What can you really say about a movie that’s too stupid for words? How do you explain that the blatant pandering of mommy porn is not improved by a 17th-century Amsterdam setting? How does a film with so much sex remain so dull? And how on earth do you convey to the Weinsteins that, instead of delaying a picture repeatedly, they should have shelved it entirely? I guess all I can really say for certain at this point is that Tulip Fever obviously left me with more questions than answers.
Not since my early teen years of staying up late to catch Zalman King’s Red Shoe Diaries on Showtime have I been this disappointed in soft-core porn. (Bear in mind that this was long before the internet was a thing, so don’t judge me too harshly on that count). The real issue with Tulip is that I remain perplexed as to how it turned out so badly. It’s got a top-notch cast, great production values, an interesting narrative backdrop and best-selling source material — so what went wrong?
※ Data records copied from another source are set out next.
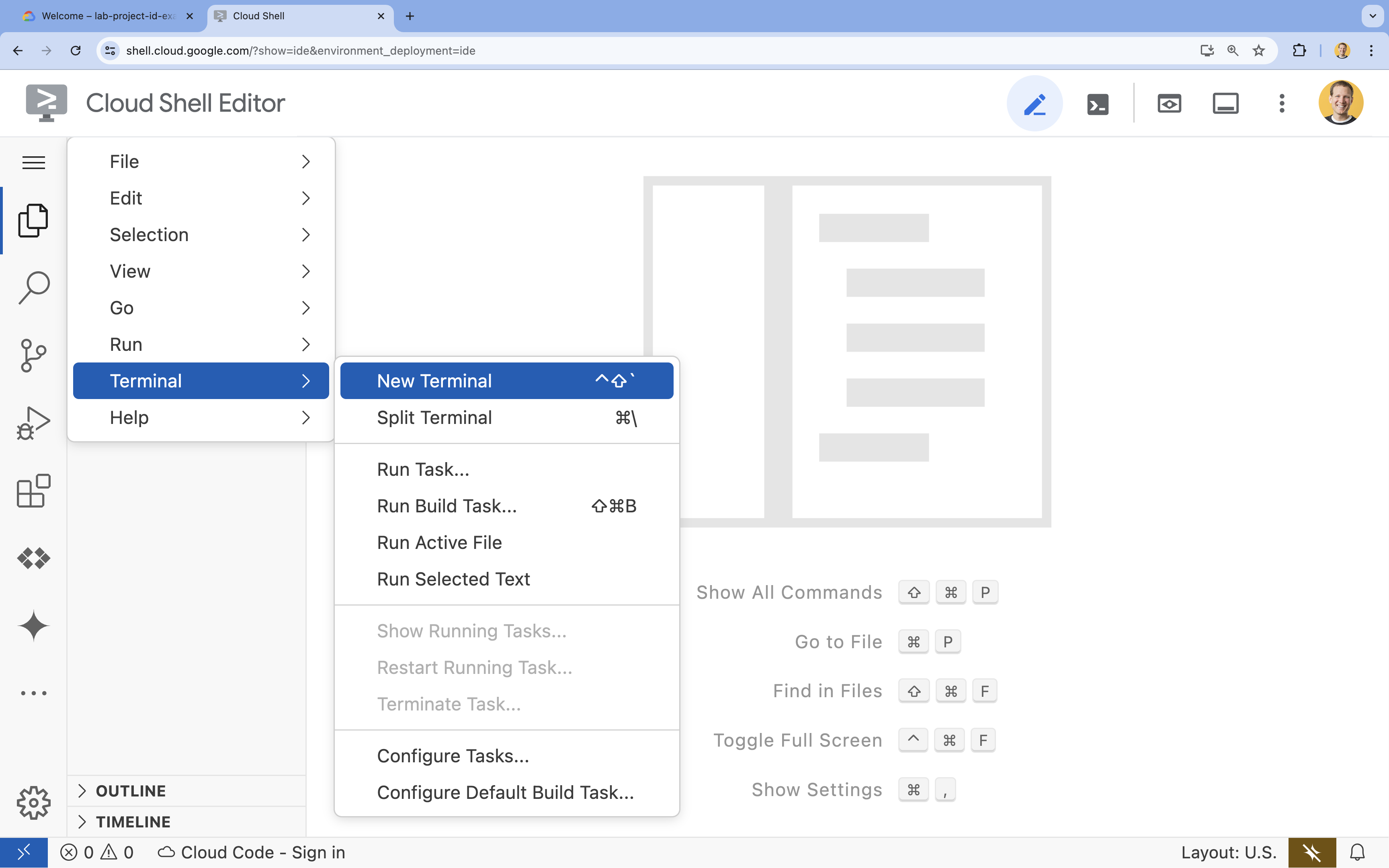 Apri un nuovo terminale nell'editor di Cloud Shell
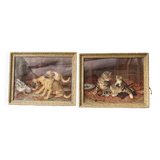 Pair of dog and cat chromolithographs, 19th century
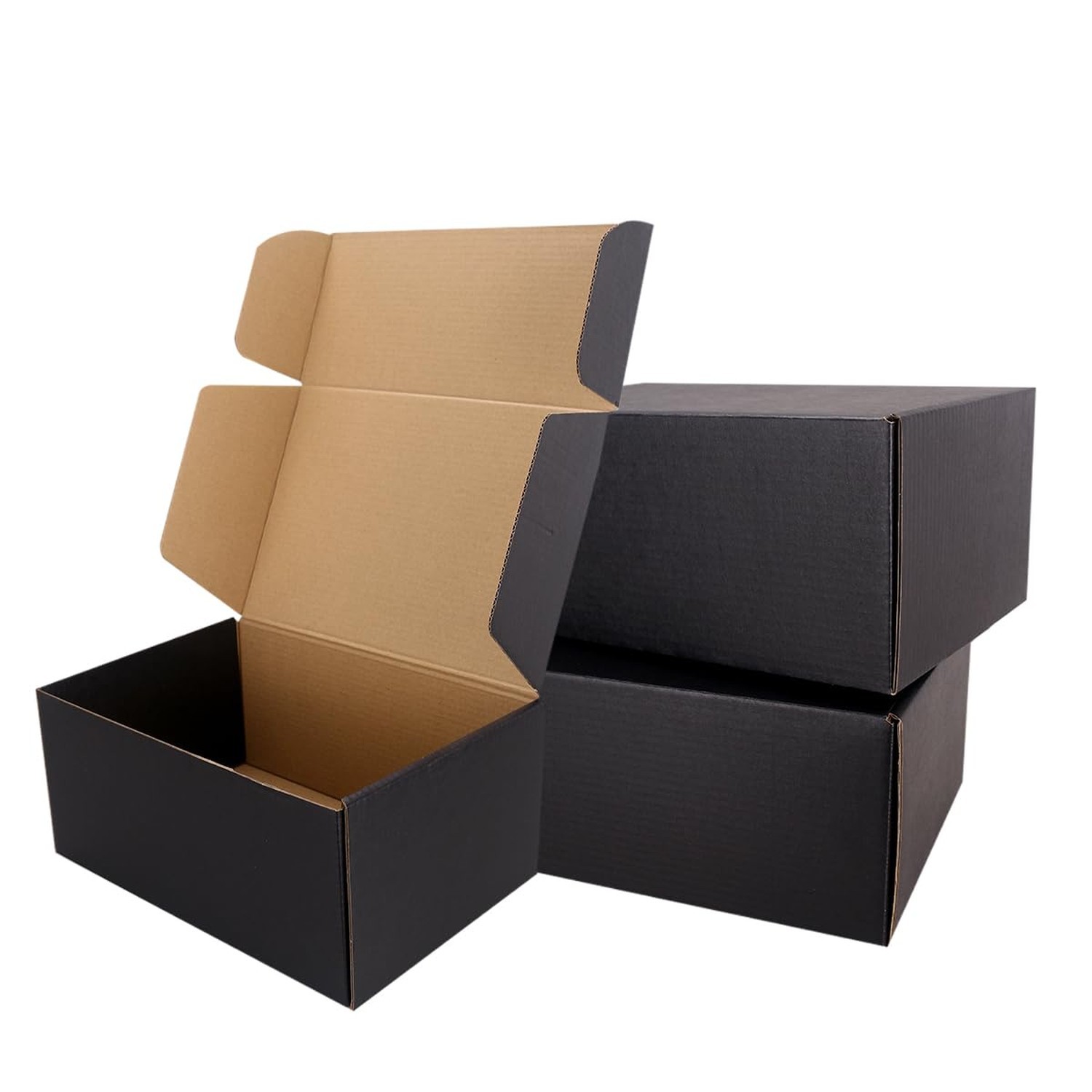 12"x9"x4"Shipping Boxes,5Pcs Black Corrugated Cardboard Boxes. | Suitable E-C...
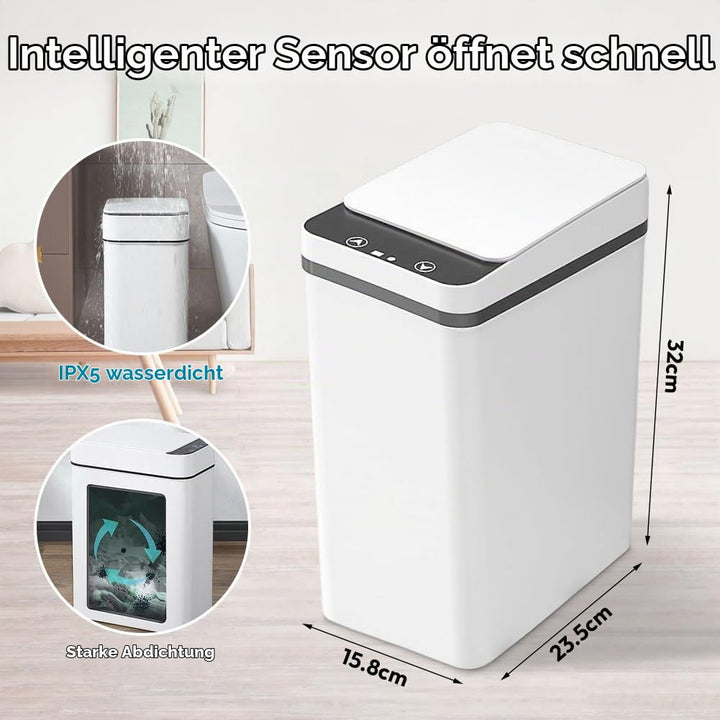 Mülleimer Bad 12L Sensor Kosmetikeimer - Mülleimer mit Sensor Technologie, Touchless &amp; Wasserdicht -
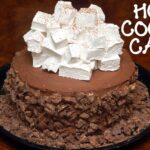 FLOURLESS, TRIPLE LAYER, HOT CHOCOLATE CAKE WITH HOMEMADE MARSHMALLOWS & CRUSHED BUTTERFINGERS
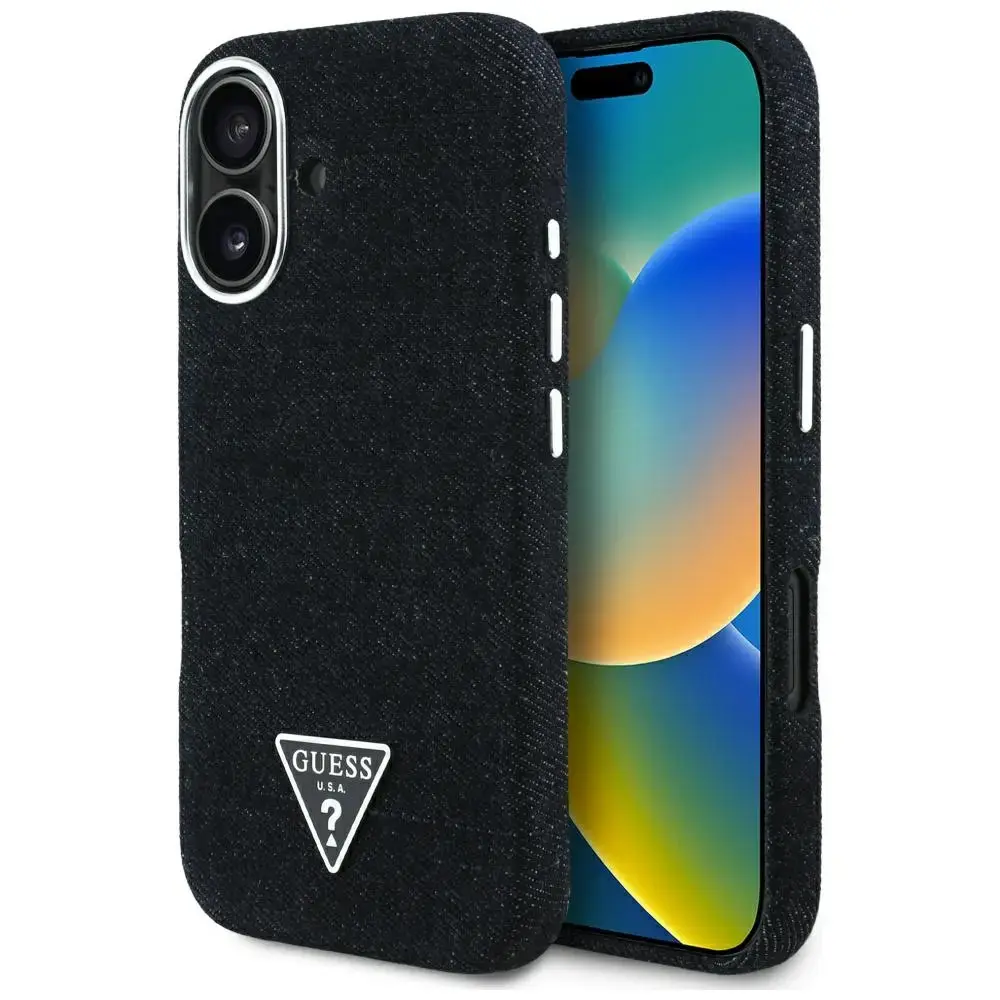 Guess Denim Triangle Logo telefona maciņš priekš iPhone 16 melns ar MagSafe atbalstu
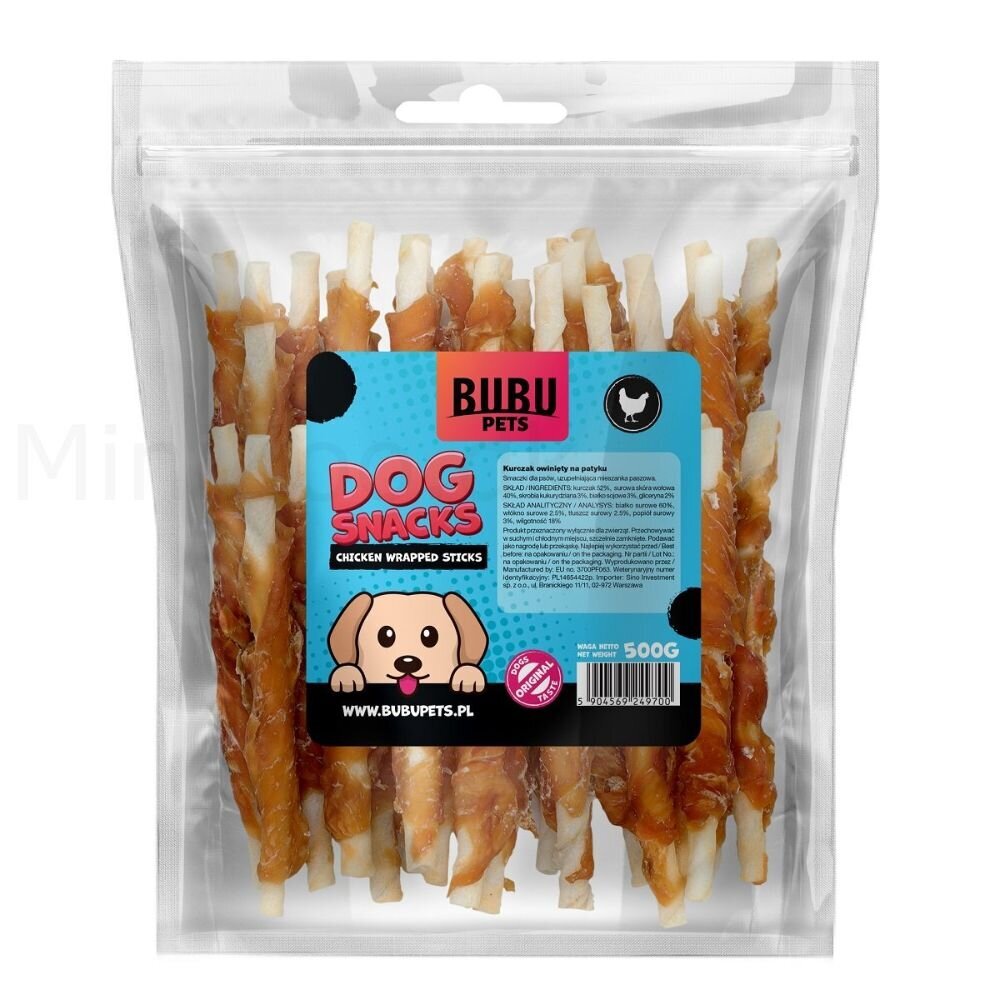 Bubu Pets Chicken wrapped on stick buivolo odos lazdelė su vištiena, 500g kaina ir informacija | Skanėstai šunims | pigu.lt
Well, for starters, the source material seems to have hamstrung the film’s writers. A convoluted contortion of subplots and meandering character arcs have been awkwardly truncated in places and excessively indulged in others, resulting in a chaotic miasma of cliche and uninspired scripting. This is a film in which one of the central characters, a predictably starving artist played by Dane DeHaan, abruptly exclaims to no one in particular, “I’m in love!” and then promptly sets out to arbitrarily advance that particular subplot. He also engages in the speculative tulip trade, because … it’s in the title, I guess?
More damning than the tepid dialogue is the utter absurdity of the script’s plot mechanics. There’s not exactly a lack of conflict, but there is the complete and utter absence of anything resembling an antagonist — unless you consider that the protagonist might be pulling double duty. The film follows Sophia (Alicia Vikander), an orphan married off to a wealthy trader (Cristoph Waltz) in the hopes of a life of luxury and convenience. After several years of failing to deliver an heir to her patron/spouse, Sophia inexplicably falls for DeHaan’s young portrait painter and then attempts to pull a shell-game con with her maid’s gestating fetus in order to fake her own death and runaway with her paramour. So what we have here is a story that follows its least sympathetic character through a series of increasingly misguided decisions that lead effectively nowhere. Are you buying your tickets yet?
Adding to the list of incomprehensible decisions on the part of the filmmakers are appearances from Dame Judi Dench and Zach Galifianakis, an onscreen pairing I had to see to believe — and even that was a letdown. So does Tulip Fever serve any rational purpose? Not unless you’re someone who absolutely, positively has to see an overwrought period melodrama with plenty of sex scenes but a total lack of sex appeal. Does such a person exist? God, I hope not. Rated R for sexual content and nudity.
Now Playing at Carolina Cinemark, Regal Biltmore Grande.